[[ DATASET CONTENT, beginning ]]

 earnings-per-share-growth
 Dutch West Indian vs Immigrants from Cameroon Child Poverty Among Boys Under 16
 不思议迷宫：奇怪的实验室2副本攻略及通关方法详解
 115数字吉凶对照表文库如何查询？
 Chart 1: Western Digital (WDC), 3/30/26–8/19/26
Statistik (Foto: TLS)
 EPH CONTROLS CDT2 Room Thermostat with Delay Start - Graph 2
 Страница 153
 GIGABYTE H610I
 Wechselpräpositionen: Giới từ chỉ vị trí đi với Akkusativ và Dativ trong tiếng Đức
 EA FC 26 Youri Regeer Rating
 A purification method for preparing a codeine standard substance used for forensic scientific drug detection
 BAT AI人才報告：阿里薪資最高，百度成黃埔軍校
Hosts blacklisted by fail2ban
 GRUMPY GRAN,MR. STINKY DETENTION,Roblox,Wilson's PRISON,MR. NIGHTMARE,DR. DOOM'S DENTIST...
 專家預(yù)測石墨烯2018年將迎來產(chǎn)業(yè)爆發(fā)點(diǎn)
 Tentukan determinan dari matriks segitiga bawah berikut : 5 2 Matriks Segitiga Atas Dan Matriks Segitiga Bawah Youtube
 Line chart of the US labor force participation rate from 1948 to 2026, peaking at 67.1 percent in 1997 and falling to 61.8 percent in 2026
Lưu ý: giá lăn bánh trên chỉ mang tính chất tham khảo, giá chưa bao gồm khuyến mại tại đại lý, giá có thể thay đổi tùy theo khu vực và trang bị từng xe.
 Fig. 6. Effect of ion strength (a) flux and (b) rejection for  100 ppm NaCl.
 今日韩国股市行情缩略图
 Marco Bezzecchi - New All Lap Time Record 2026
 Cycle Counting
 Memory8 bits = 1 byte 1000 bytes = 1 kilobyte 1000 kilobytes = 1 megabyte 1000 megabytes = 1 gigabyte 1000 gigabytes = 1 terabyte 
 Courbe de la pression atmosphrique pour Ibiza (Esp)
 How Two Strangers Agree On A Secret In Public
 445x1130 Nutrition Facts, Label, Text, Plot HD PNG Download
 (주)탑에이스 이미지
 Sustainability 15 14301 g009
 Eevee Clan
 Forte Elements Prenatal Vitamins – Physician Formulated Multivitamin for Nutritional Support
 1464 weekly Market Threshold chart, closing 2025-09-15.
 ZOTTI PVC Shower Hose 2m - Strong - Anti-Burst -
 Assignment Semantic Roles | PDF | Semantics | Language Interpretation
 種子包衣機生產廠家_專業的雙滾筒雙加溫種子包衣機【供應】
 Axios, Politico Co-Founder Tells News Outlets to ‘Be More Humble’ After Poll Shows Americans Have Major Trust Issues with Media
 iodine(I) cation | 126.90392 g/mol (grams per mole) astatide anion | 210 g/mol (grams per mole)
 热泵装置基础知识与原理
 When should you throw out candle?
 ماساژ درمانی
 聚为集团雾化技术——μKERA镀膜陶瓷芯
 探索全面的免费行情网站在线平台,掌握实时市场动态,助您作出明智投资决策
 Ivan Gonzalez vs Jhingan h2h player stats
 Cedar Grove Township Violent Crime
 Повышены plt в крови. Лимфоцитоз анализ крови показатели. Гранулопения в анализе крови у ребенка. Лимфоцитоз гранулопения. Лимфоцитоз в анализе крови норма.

[[ DATASET CONTENT, end ]]

(AIM OF THE EXERCISE):
Scan the material above for the string "with" and report each line where you find it.

(RESULT OF THIS TASK):
 EPH CONTROLS CDT2 Room Thermostat with Delay Start - Graph 2
 Axios, Politico Co-Founder Tells News Outlets to ‘Be More Humble’ After Poll Shows Americans Have Major Trust Issues with Media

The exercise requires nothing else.